We chose t=32 h as the time of one fermentation. When γ-polyglutamic acid production reaches the highest at t=32 h, m equals to 132 mM, which is shown in Figure 9. This result demonstrates we need to adjust the concentration of tetracycline to make the strains whose intracellular glutamate concentration below 132 mM to die, and the strains whose intracellular glutamate concentration is above this threshold can continue to survive. In that case, the maximum production increase is about 35%. We can also find the fact that production will drop quickly after its increase reaches the peak, which indicates that precise regulation of tetracycline is needed near the critical point in industrial production.

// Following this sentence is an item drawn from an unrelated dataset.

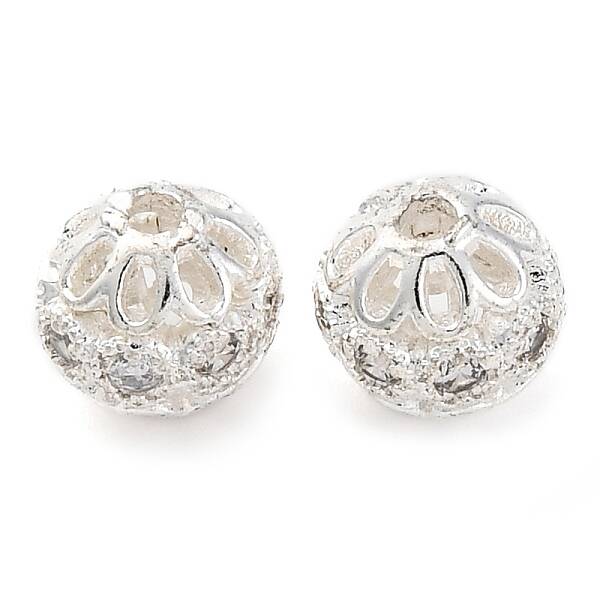 Brass Micro Pave Clear Cubic Zirconia Spacer Baeds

Figure 9: Relationship between total γ-polyglutamic acid production and threshold m at t=32 h. Only the bacteria whose intracellular glutamate concentration is greater than m can survive when tetracycline is added to the medium. Maximum production increase is achieved at m=132 mM.
References:
[1] Silvia Picossi, Boris R. Belitsky, and Abraham L. Sonenshein (2007). Molecular mechanism of the regulation of Bacillus subtilis gltAB expression by GltC. J Mol Biol, 365(5): 1298–1313.
[2] Katrin Gunka and Fabian M. Commichau*. Control of glutamate homeostasis in Bacillus subtilis: a complex interplay between ammonium assimilation, glutamate biosynthesis and degradation. Molecular Microbiology (2012) 85(2), 213–224.
[3] Mingfeng Cao, Weitao Geng, Li Liu, Cunjiang Song, Hui Xie, Wenbin Guo, Yinghong Jin, Shufang Wang (2011). Glutamic acid independent production of poly-c-glutamic acid by Bacillus amyloliquefaciens LL3 and cloning of pgsBCA genes. Bioresource Technology 102 (2011) 4251-4257.